- [Task brief] Ignoring every picture, return the lines of the listing below word for word, from the line that holds "Medium Continental French Purse" through the line that holds "Black Cherry Small Classic Grain - 1".

- [Dataset extract]

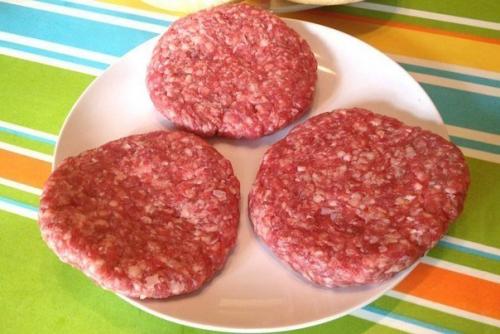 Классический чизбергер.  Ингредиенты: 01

* * *

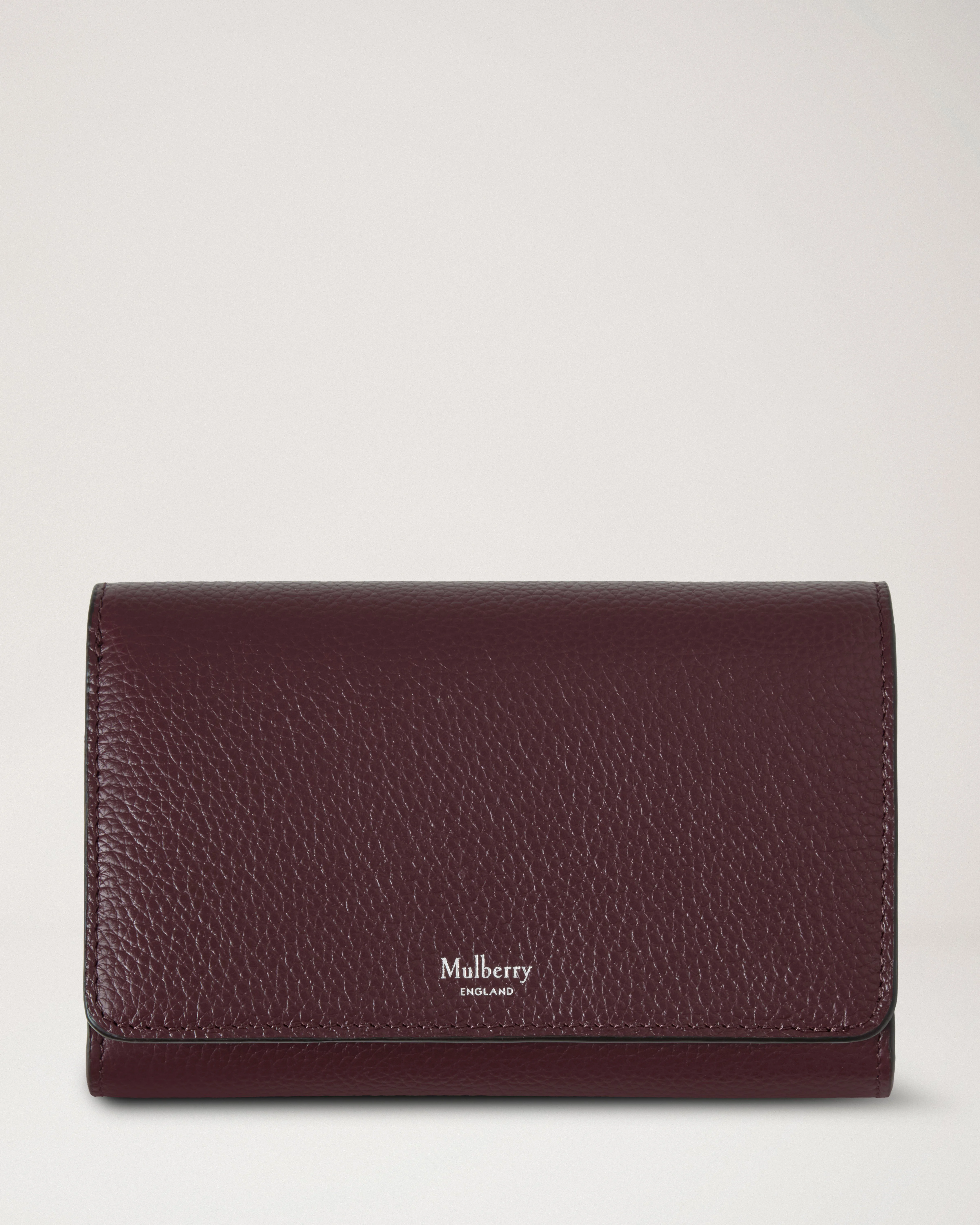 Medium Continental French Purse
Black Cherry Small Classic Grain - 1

---

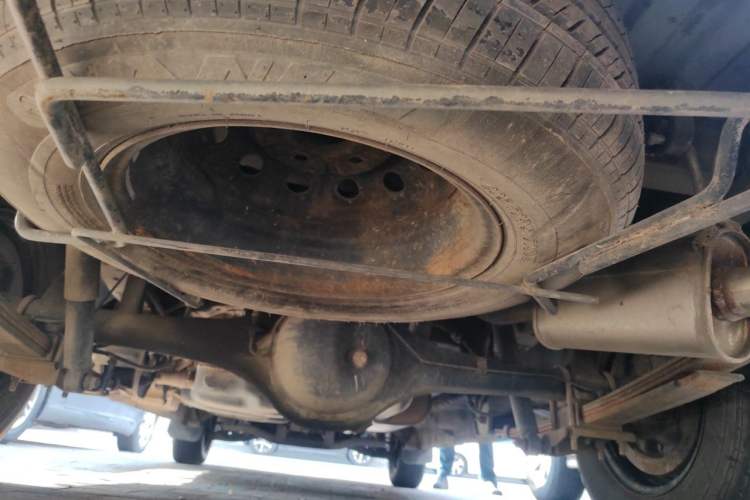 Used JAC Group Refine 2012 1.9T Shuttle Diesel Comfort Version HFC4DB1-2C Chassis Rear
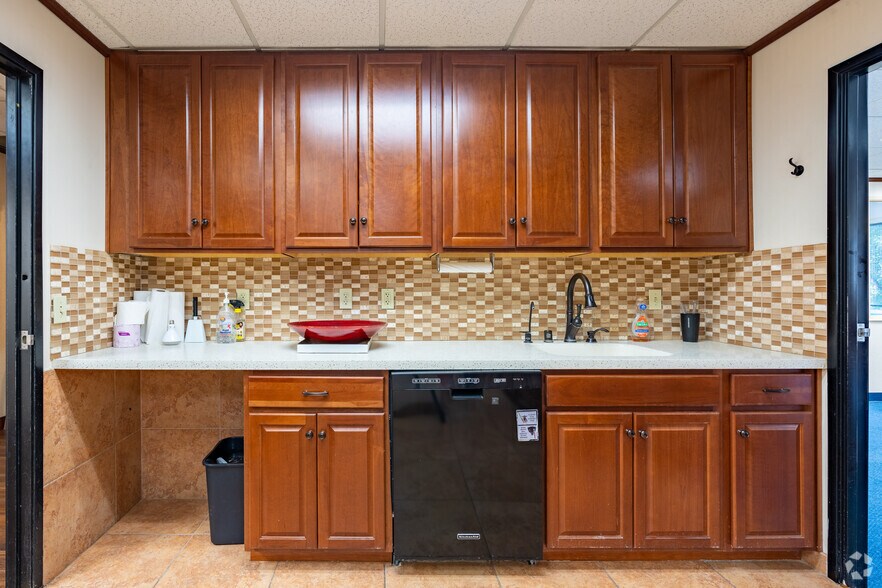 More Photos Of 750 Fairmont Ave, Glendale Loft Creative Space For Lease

- [Output for this exercise]
 Medium Continental French Purse
Black Cherry Small Classic Grain - 1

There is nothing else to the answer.